> _WHAT YOU NEED TO DO_
When you reach the line containing "未镶嵌天然锆石散珠D495冰紫锆石10mm2个8.8元" in the entries below, start writing out each line exactly, and stop after the line containing "Dior Medium Leather Dior Vibe Bowling Bag - 2".

> _INPUT RECORDS_
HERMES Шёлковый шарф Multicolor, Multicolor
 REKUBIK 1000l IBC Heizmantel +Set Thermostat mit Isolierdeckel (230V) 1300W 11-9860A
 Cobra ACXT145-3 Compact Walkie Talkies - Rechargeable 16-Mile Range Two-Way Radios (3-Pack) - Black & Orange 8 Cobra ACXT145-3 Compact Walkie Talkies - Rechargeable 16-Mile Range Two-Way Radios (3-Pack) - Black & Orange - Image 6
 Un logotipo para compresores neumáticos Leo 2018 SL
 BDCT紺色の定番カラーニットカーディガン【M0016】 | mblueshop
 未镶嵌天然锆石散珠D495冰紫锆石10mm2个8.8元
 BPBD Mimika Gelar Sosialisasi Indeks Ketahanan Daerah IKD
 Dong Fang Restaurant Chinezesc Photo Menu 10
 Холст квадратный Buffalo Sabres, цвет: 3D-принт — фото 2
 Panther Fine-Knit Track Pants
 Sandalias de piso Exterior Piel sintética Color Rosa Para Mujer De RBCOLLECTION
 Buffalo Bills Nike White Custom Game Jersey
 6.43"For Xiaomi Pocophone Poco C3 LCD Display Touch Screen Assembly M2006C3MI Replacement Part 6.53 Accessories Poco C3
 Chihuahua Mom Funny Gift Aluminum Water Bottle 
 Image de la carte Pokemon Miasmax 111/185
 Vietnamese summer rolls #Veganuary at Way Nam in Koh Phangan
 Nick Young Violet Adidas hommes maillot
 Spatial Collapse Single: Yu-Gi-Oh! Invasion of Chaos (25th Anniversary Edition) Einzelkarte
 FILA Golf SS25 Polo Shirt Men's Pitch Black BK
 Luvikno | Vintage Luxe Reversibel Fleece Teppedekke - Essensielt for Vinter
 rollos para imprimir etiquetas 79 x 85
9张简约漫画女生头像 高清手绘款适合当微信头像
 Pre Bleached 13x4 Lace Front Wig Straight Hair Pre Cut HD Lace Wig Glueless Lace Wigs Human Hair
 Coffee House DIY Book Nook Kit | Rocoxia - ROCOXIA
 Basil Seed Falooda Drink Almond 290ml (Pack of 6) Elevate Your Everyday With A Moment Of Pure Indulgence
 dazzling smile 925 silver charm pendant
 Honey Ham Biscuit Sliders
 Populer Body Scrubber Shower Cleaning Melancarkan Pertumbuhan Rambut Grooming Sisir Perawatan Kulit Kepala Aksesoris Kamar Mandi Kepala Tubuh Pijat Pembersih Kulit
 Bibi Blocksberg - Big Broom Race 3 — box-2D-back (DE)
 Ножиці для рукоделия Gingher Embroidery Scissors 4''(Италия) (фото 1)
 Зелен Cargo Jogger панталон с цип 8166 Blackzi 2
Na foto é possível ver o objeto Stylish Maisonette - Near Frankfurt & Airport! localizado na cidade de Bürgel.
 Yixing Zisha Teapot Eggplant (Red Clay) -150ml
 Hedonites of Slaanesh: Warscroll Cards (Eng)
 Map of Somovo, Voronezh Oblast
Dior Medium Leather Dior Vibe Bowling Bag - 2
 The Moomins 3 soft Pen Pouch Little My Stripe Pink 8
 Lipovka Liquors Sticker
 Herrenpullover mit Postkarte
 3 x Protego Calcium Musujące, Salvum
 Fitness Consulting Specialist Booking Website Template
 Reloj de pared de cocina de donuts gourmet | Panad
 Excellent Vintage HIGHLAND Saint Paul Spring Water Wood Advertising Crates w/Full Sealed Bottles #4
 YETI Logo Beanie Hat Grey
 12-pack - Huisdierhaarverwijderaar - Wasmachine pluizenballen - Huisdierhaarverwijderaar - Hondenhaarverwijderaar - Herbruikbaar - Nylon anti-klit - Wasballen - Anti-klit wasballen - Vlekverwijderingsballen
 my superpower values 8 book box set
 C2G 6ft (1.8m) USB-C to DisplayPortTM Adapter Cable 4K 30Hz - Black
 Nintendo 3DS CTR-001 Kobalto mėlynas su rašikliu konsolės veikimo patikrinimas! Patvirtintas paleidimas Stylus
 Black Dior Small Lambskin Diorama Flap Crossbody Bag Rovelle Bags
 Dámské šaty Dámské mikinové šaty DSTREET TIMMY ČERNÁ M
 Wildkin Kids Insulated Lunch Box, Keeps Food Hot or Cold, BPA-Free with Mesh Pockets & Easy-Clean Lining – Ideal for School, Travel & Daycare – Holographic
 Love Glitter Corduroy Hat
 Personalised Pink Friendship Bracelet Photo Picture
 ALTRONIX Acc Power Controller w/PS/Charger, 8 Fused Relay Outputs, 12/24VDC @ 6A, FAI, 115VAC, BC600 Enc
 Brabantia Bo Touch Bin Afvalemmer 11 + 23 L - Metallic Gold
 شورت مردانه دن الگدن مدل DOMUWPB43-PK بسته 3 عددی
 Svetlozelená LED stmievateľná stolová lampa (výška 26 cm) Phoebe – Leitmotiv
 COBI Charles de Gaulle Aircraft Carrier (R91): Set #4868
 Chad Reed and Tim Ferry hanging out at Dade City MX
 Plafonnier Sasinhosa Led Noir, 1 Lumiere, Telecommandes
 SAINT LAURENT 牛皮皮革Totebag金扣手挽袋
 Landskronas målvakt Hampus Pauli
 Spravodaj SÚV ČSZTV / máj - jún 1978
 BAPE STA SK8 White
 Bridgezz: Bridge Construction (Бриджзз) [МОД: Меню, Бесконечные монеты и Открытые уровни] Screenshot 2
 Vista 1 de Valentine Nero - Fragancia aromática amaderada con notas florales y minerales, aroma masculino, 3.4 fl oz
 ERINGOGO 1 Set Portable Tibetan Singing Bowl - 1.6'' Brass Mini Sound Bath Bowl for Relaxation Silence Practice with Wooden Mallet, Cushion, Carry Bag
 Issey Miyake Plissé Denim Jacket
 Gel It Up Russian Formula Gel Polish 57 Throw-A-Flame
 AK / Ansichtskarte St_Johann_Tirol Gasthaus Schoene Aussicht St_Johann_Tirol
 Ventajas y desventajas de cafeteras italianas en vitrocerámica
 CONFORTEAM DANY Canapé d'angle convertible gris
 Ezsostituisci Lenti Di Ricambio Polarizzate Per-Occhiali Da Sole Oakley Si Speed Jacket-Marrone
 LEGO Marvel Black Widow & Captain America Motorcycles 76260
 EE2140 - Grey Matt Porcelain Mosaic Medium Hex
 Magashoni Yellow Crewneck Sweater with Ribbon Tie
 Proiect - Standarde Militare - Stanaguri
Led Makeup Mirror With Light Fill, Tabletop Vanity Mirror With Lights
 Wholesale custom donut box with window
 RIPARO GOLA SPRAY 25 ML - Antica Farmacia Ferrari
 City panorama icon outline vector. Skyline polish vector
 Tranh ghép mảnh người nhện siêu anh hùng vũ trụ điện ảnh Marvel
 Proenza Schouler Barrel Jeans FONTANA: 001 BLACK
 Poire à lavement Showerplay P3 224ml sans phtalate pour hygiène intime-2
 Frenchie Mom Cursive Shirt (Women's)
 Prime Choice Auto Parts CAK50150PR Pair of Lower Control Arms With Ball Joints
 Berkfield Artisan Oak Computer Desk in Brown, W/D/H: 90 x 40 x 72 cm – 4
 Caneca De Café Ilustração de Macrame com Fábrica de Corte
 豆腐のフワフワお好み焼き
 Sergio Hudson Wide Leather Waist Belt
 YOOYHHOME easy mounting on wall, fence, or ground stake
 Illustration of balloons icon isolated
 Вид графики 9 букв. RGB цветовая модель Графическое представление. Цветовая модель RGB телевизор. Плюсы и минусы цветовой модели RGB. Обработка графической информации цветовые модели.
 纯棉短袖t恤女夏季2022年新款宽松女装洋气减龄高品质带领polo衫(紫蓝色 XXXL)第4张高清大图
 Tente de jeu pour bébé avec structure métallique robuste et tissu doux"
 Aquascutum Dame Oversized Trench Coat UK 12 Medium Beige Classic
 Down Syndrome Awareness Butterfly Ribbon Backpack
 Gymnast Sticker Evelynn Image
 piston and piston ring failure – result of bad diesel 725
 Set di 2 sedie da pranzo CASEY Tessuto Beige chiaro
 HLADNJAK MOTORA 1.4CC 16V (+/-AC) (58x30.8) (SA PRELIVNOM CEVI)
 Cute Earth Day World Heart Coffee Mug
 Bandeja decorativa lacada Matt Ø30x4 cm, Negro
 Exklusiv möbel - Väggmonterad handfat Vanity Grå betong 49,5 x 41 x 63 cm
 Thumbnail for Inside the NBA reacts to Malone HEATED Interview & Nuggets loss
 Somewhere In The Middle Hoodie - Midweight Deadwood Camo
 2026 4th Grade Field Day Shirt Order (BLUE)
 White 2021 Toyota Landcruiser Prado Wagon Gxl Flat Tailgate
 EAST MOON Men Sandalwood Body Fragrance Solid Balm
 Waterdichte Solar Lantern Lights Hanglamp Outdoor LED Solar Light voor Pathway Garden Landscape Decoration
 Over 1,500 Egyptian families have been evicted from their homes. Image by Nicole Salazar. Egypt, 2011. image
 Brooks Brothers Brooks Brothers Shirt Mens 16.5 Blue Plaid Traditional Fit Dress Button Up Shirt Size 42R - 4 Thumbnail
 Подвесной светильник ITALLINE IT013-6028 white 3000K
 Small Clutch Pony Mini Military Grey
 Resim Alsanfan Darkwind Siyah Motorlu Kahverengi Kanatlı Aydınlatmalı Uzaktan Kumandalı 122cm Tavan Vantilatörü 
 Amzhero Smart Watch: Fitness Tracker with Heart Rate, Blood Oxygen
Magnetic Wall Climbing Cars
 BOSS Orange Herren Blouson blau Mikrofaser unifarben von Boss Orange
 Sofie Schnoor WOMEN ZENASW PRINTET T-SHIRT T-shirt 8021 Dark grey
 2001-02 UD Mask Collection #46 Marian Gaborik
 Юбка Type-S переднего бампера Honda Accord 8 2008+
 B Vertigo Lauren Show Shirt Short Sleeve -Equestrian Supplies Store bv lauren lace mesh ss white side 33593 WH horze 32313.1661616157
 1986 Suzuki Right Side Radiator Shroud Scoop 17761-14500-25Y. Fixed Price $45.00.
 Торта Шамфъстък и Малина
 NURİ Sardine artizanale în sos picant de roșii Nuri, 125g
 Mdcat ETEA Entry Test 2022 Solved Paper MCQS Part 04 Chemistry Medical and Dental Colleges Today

> _EXERCISE RESULT_
 未镶嵌天然锆石散珠D495冰紫锆石10mm2个8.8元
 BPBD Mimika Gelar Sosialisasi Indeks Ketahanan Daerah IKD
 Dong Fang Restaurant Chinezesc Photo Menu 10
 Холст квадратный Buffalo Sabres, цвет: 3D-принт — фото 2
 Panther Fine-Knit Track Pants
 Sandalias de piso Exterior Piel sintética Color Rosa Para Mujer De RBCOLLECTION
 Buffalo Bills Nike White Custom Game Jersey
 6.43"For Xiaomi Pocophone Poco C3 LCD Display Touch Screen Assembly M2006C3MI Replacement Part 6.53 Accessories Poco C3
 Chihuahua Mom Funny Gift Aluminum Water Bottle 
 Image de la carte Pokemon Miasmax 111/185
 Vietnamese summer rolls #Veganuary at Way Nam in Koh Phangan
 Nick Young Violet Adidas hommes maillot
 Spatial Collapse Single: Yu-Gi-Oh! Invasion of Chaos (25th Anniversary Edition) Einzelkarte
 FILA Golf SS25 Polo Shirt Men's Pitch Black BK
 Luvikno | Vintage Luxe Reversibel Fleece Teppedekke - Essensielt for Vinter
 rollos para imprimir etiquetas 79 x 85
9张简约漫画女生头像 高清手绘款适合当微信头像
 Pre Bleached 13x4 Lace Front Wig Straight Hair Pre Cut HD Lace Wig Glueless Lace Wigs Human Hair
 Coffee House DIY Book Nook Kit | Rocoxia - ROCOXIA
 Basil Seed Falooda Drink Almond 290ml (Pack of 6) Elevate Your Everyday With A Moment Of Pure Indulgence
 dazzling smile 925 silver charm pendant
 Honey Ham Biscuit Sliders
 Populer Body Scrubber Shower Cleaning Melancarkan Pertumbuhan Rambut Grooming Sisir Perawatan Kulit Kepala Aksesoris Kamar Mandi Kepala Tubuh Pijat Pembersih Kulit
 Bibi Blocksberg - Big Broom Race 3 — box-2D-back (DE)
 Ножиці для рукоделия Gingher Embroidery Scissors 4''(Италия) (фото 1)
 Зелен Cargo Jogger панталон с цип 8166 Blackzi 2
Na foto é possível ver o objeto Stylish Maisonette - Near Frankfurt & Airport! localizado na cidade de Bürgel.
 Yixing Zisha Teapot Eggplant (Red Clay) -150ml
 Hedonites of Slaanesh: Warscroll Cards (Eng)
 Map of Somovo, Voronezh Oblast
Dior Medium Leather Dior Vibe Bowling Bag - 2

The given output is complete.